I created a draft cohort definition to get you and others in the community
started with: ‘New users of febuxostat with gout and cardiovascular
disease’ (http://www.ohdsi.org/web/atlas/#/cohortdefinition/1734846) and
‘New users of allopurinol with gout and cardiovascular disease’ (
http://www.ohdsi.org/web/atlas/#/cohortdefinition/1734847) . You’ll note,
I created the cohort definition with inclusion criteria so you could assess
whether the requirement of gout or prior CV disease was negatively
impacting inclusion. The impact of each criteria varies widely by database
on my side, but in general I’m surprised how many people fail one but not
both of the inclusion criteria, suggesting gout and CV disease may be in
some way negatively correlated. Certainly as we move forward with this,
we’d want to try to represent additional inclusion criteria from the trial
as well.

Across the data I have access to, it looks like I have a promising number
of candidate patients (larger than the trial population size) for ‘new
users of febuxostat’ in IMS Germany, Truven MDCR, Truven CCAE, and Optum,
but <1000 patients in other databases.
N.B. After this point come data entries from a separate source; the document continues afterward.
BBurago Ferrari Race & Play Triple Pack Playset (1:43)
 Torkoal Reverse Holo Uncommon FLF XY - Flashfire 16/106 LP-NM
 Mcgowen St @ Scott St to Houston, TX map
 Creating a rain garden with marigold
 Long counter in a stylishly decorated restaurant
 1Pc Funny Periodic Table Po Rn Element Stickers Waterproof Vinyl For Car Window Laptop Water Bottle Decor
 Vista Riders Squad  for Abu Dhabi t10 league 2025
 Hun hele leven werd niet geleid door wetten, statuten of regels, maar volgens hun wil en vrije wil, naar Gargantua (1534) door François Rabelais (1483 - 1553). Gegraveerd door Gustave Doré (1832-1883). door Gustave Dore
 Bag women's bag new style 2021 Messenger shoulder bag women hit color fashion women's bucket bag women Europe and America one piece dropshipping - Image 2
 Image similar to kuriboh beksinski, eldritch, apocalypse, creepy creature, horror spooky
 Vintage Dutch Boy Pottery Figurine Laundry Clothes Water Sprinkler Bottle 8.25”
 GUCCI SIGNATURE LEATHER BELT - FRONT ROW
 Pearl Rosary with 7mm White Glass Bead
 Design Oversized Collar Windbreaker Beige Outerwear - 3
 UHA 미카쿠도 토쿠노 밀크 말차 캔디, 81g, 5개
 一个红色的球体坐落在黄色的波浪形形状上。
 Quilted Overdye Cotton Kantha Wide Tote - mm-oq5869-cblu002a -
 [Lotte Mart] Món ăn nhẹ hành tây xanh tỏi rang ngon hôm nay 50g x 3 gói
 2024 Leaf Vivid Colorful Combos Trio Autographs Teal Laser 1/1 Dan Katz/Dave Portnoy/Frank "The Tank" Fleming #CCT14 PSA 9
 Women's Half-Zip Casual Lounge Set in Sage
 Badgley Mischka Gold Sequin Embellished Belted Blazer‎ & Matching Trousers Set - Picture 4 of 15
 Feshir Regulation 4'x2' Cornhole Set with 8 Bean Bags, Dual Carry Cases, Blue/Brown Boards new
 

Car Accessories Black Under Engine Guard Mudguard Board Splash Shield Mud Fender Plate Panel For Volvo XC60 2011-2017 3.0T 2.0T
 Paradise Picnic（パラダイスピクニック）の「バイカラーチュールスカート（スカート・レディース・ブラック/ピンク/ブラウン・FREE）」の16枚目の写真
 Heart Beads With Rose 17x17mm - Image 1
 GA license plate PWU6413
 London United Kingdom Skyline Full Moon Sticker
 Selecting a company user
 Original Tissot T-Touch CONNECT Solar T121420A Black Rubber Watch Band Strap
I see a greater number of patients
on allopurinol in each source…so we’ve got the start of a T and a C, we
need to define an O (which appears to be a MACE endpoint that I know others
in the community have previously defined).

(Seng Chan You) #19

Great! @Patrick_Ryan
I always admire your passion for OHDSI!
I generated cohort with my databases according to your definition on the ATLAS.

The number of cohort population with febuxostat is quite small (febuxostat, n=645; allopurinol, n=4550), which is actually much more than I expected.
I think I can get some result among these population for their death or cardiovascular mortality by adjusting only condition or drugs (I have the data for the cause of death).

And I want to mention that we need to generate more evidence for the general population.
This NEJM study focused on the population with previous cardiovascular events, because they have much higher outcome rate, which would decrease the total fund of the study.

Of course, the main purpose of this study is replicating the RCT to evaluate our methodology.
But if we can generate the evidence for the general population, it is much more helpful for the clinicians, patients and FDAs in the world.

(Seng Chan You) #20

We need to read the protocol of febuxostat paper to replicate this study as same as we can.